Paqpaq editor, TONIO DARMANIN, muscles up to the latest American offering from Ford – the Mustang.
On April 17, 2009, the world celebrated – albeit not in the most festive of periods – the 45th anniversary of Ford’s longest running nameplate, the Mustang. The project was strongly supported by Lee Iacocca, who was subsequently appointed president of the Ford Motor Company.
Possibly the most successful American sports car ever, it instigated the Pony car segment which required cars to have a sporty and attractive styling, offer an extensive option list and a wide range of engines including seriously powerful versions with the possibility of tuning and, most importantly, they had to be affordable.
The 1964 (and a ½!) Mustang did all this and was an instant hit, registering 22,000 orders on the first day of its launch at the World Fair in New York and going on to sell 417,000 units in the first year and one million cars by the second. The original price was incredibly low at US$2,368 and a guy in Texas reputedly slept in the car within the showroom until his cheque was cleared to ensure that his car was not sold to somebody else.

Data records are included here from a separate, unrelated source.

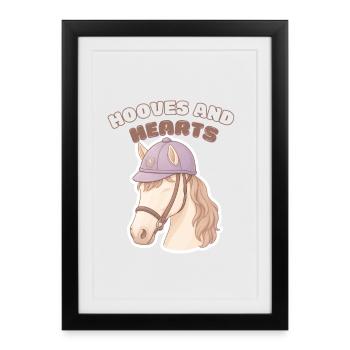 Sabots et Cœurs Amoureux des chevaux - Affiche encadrée (27 × 37 cm) - noir - Devant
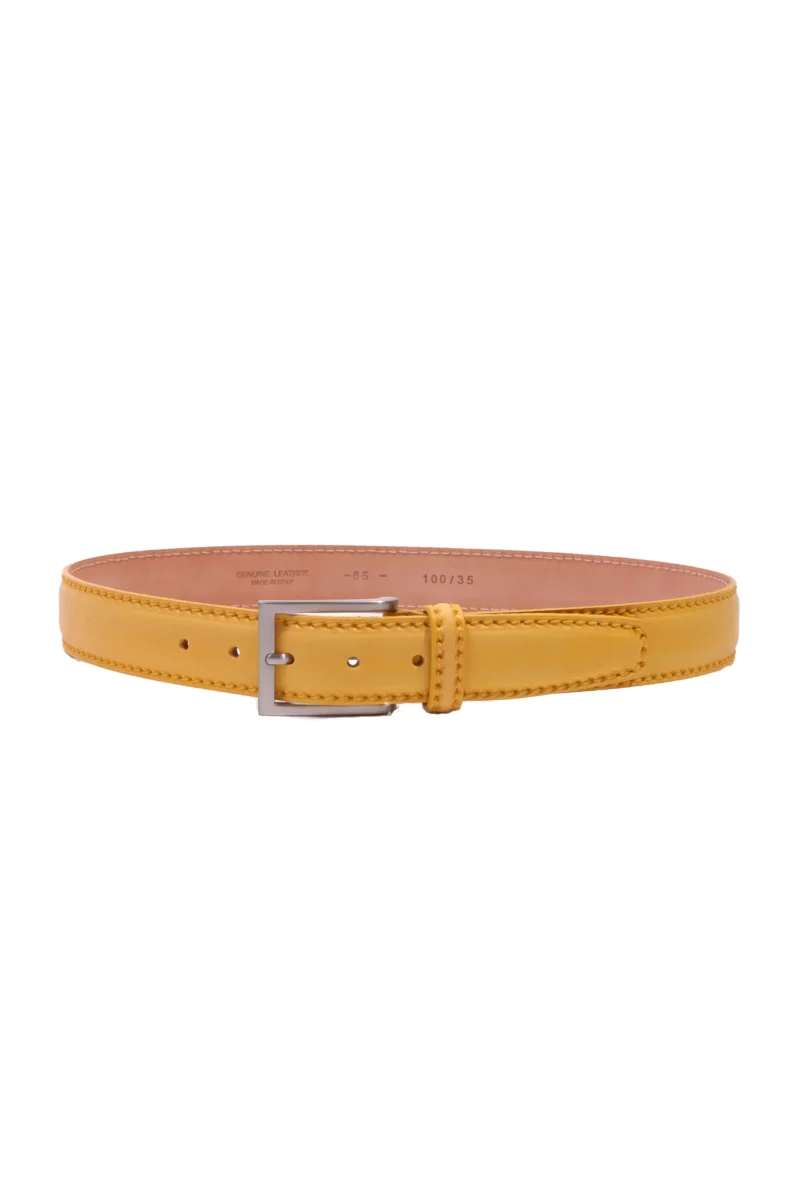 Ceinture en cuir de veau Tom Dick et Harry, couleur ocre jaune.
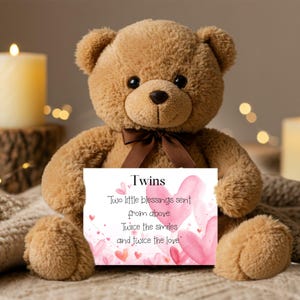 Card for Twins, Congratulations for Twins Card, Gender Neutral Baby Shower Card, DIGITAL FILE, Instant Download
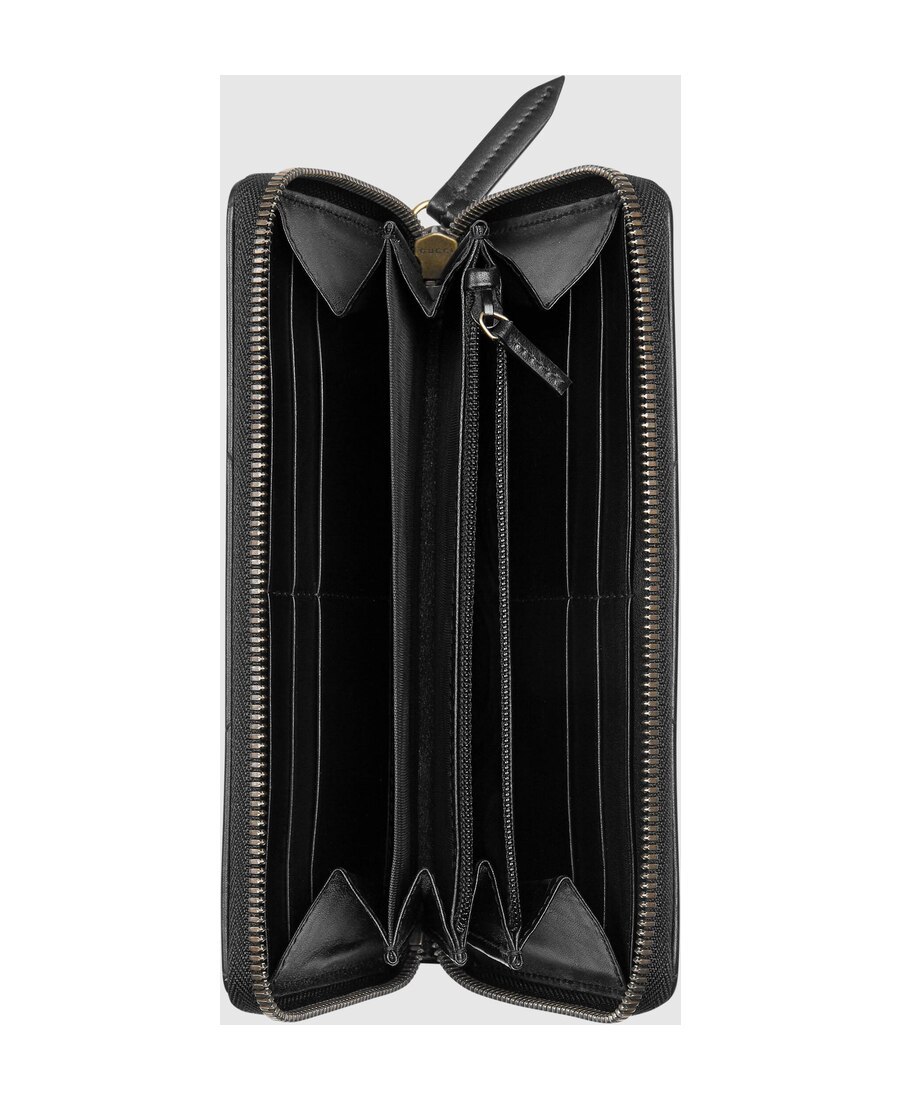Gucci Black Leather Marmont Gg Wallet In Black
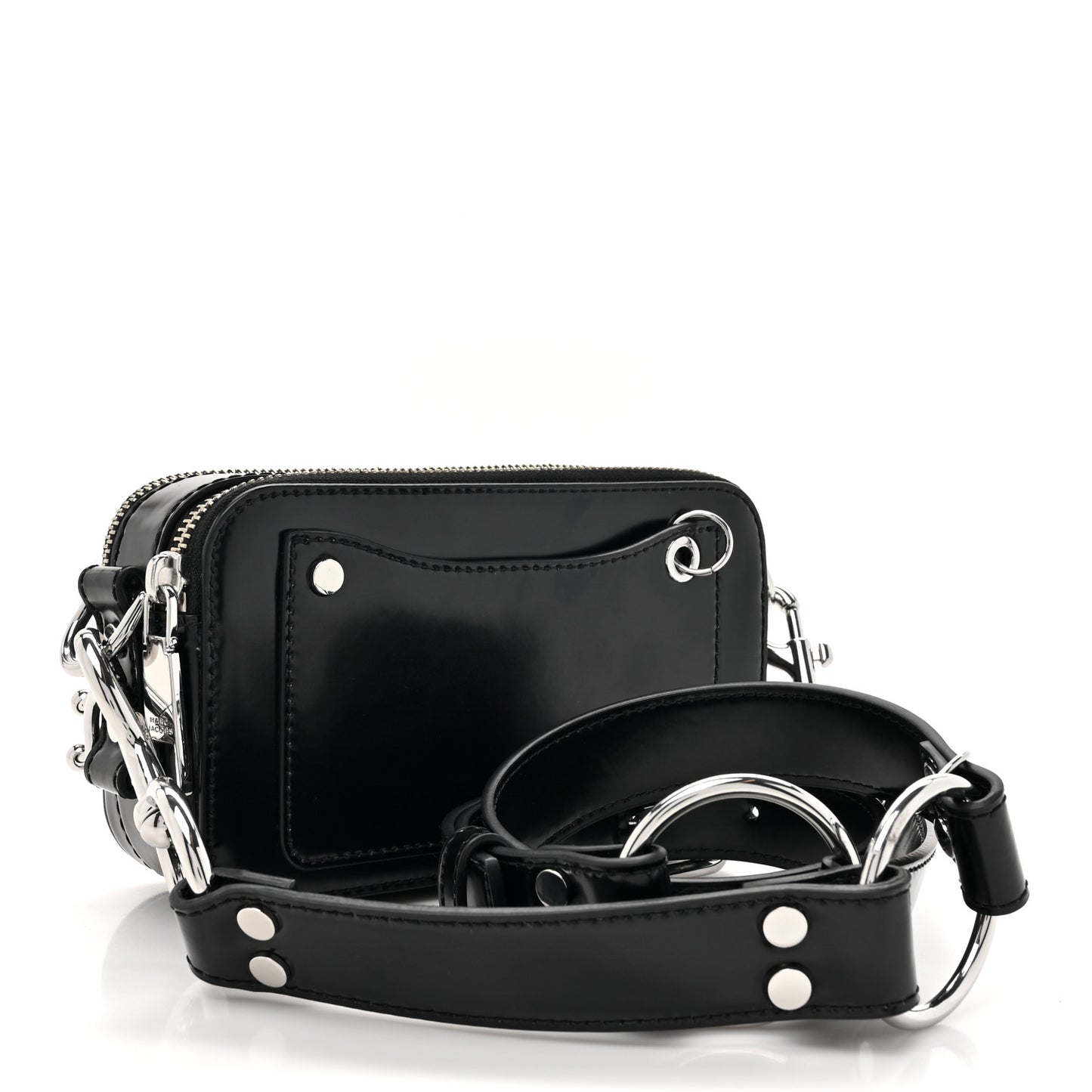Calfskin Pierced Small Snapshot Camera Bag Black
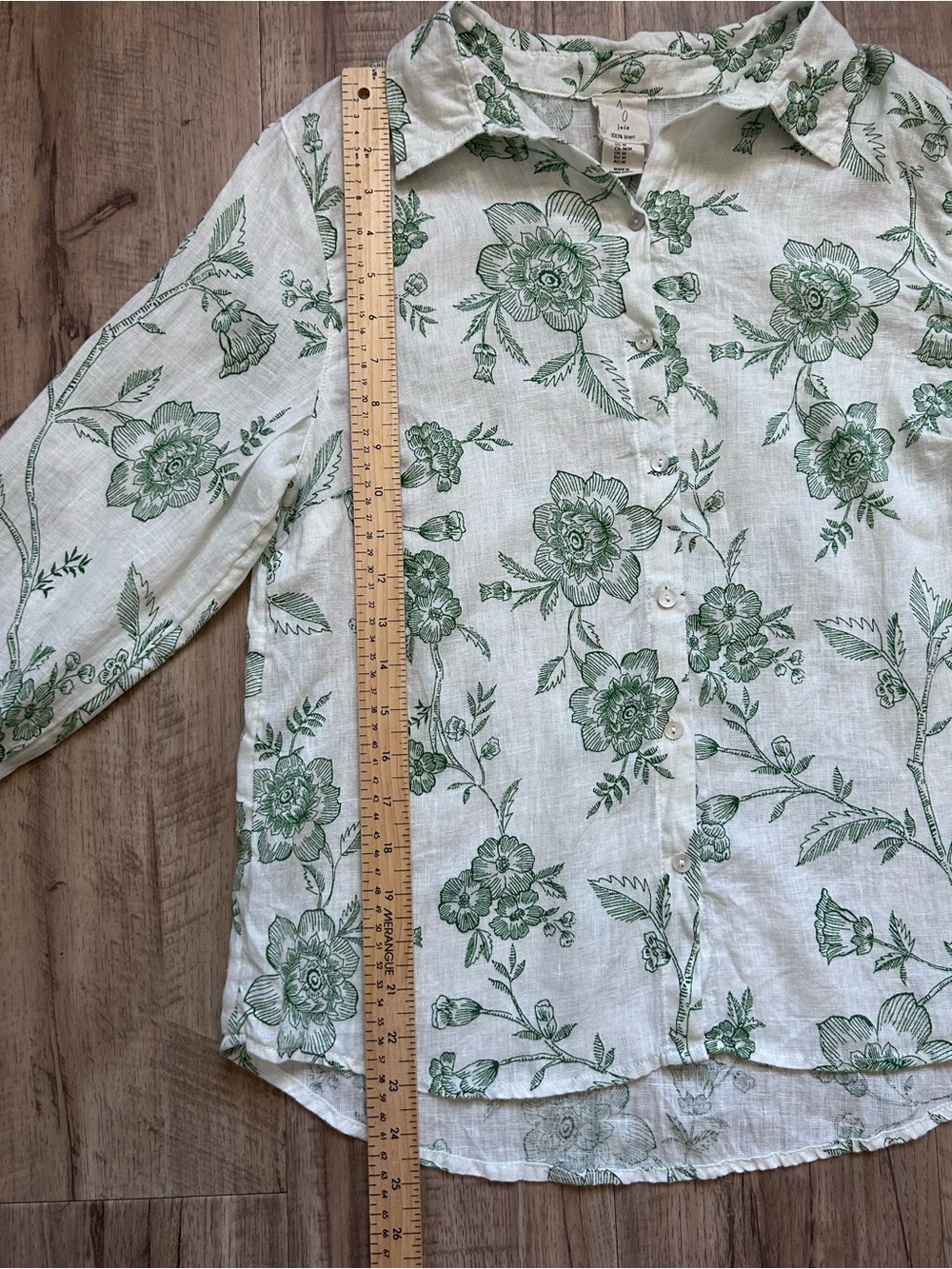 Joie White 100% Linen Button-Up Shirt with Green Floral Print summer beachy - Picture 8 of 8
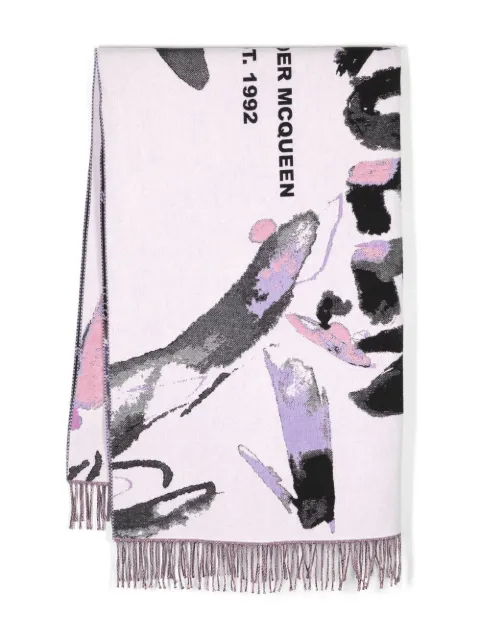 Alexander McQueen abstract pattern logo-print scarf Neutrals 7304513200Q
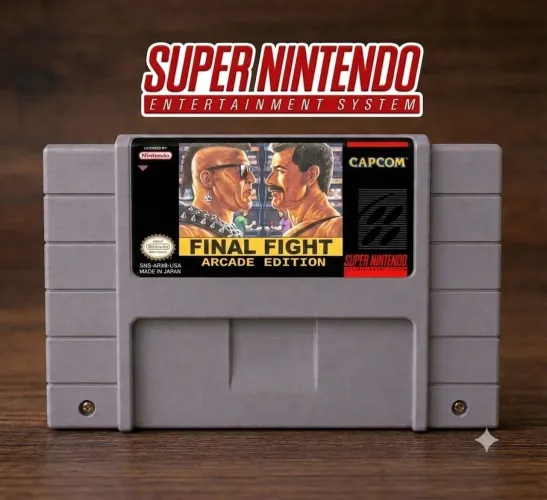 Jogo final fight arcade edition super Nintendo snes repro.
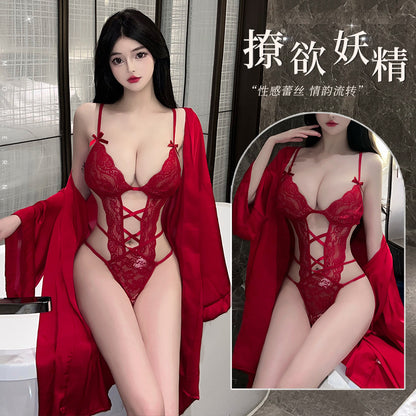 性感免脱睡袍套装8210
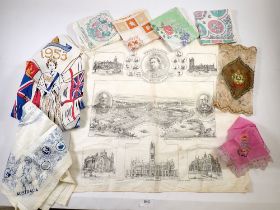 A collection of scarves including Manchester Jubilee Exhibition 1887, Royalty etc.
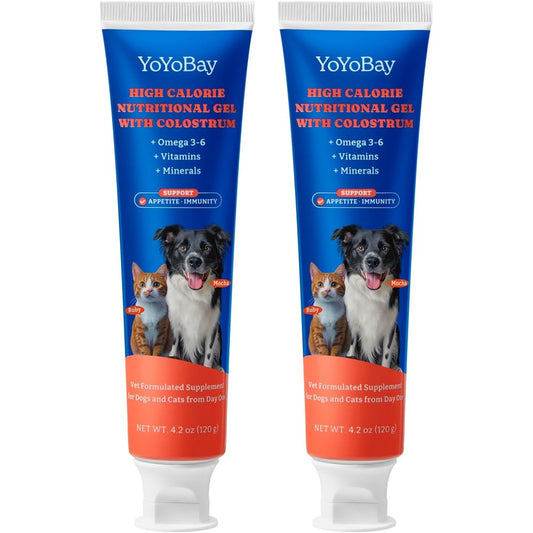 YoYoBay Colostrum Nutritional Gel For Dogs And Cats High Calorie Weight Gainer Appetite Stimulant Immune Support Two Pack Four Point Two Ounce Tubes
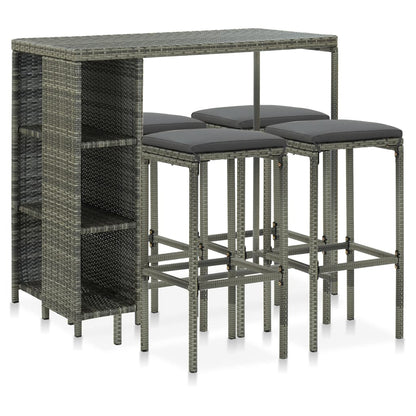 5-Delige Tuinbarset Met Kussens Poly Rattan Grijs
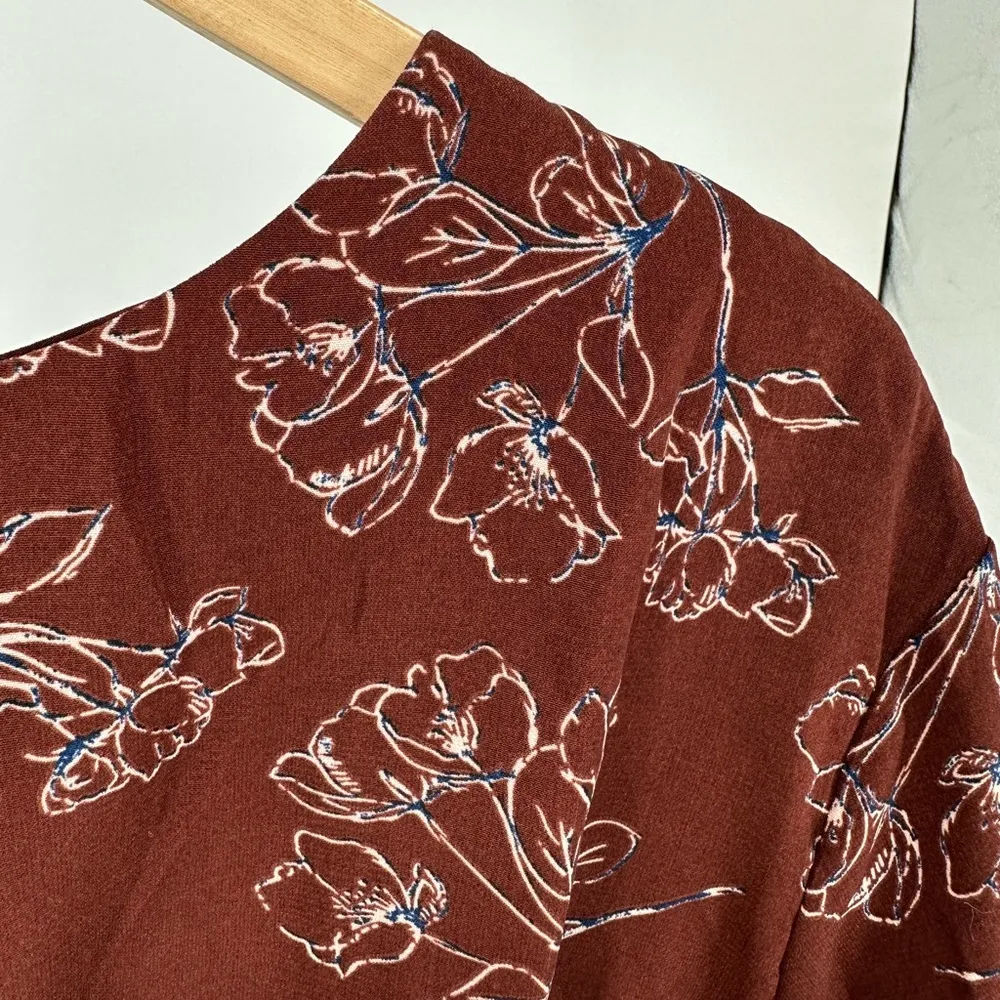 Dress Forum Brown Floral Print Back Slit Mini Dress size Medium NWT - Image 5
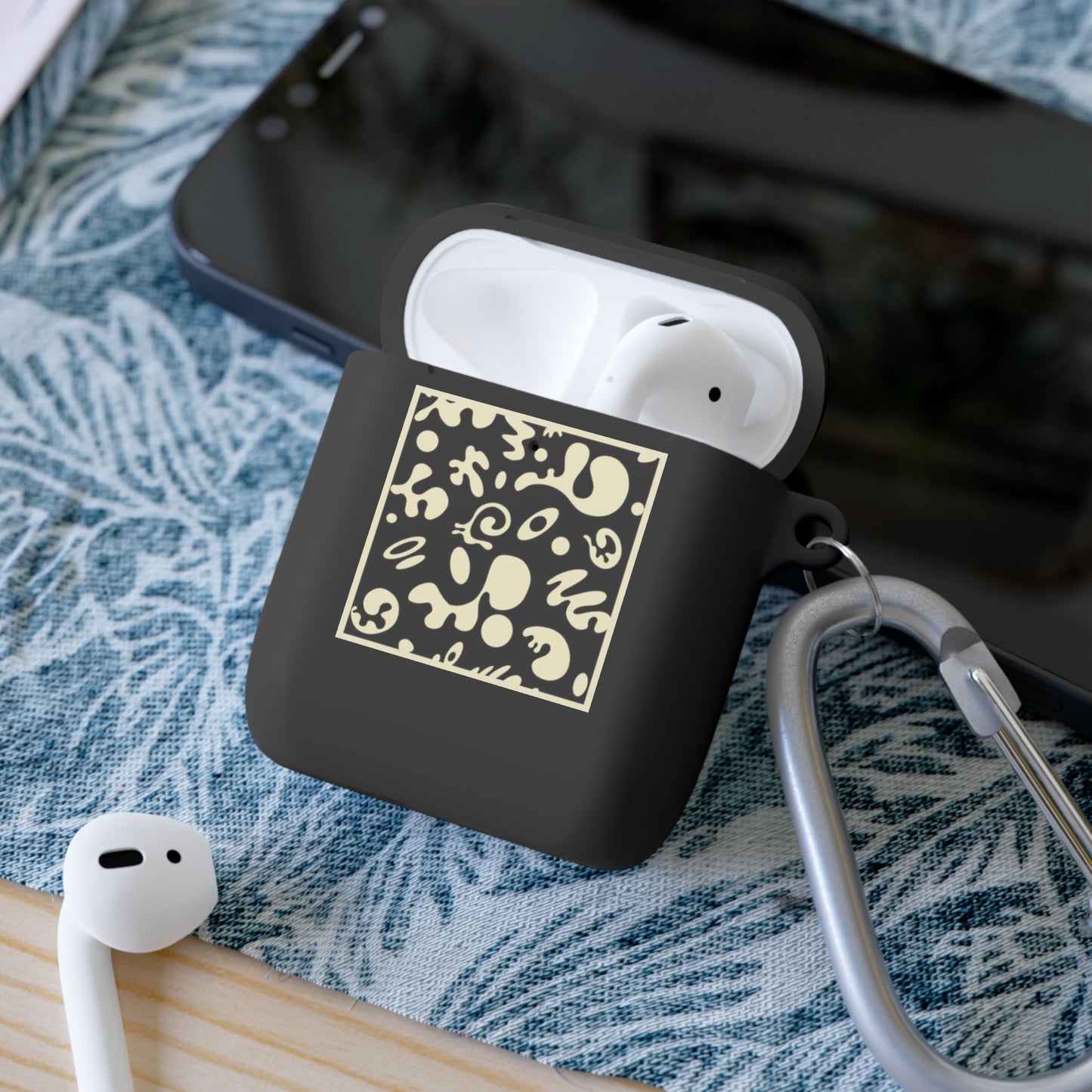 Adorn'd Square Hard Plastic Airpods Case Cover- Blank Page White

Three principal models included the convertible, the hard top and the fastback and driven by the tag line ‘a steed for every need’ gave the customer a choice of 11 power trains including the legendary Boss 302, 375, 429 and the Mach 1. In 1965, Carroll Shelby collaborated with Ford to launch on the market the GT 350 featuring a 306bhp V8 engine.
The first generation Mustang lasted until 1974. However, with the three subsequent versions produced by Ford between this time and 2005, the company seems to have tried to do everything possible to kill this car, one uglier than the other and with power and handling not worthy of a Mustang.
All this changed dramatically four years ago, when Ford launched the fifth generation Mustang echoing the styling of the 1960’s fastback in a successful attempt at retro-futurism, going back to the basic principles that made the original Mustang such a success and using these to create a car geared for the future.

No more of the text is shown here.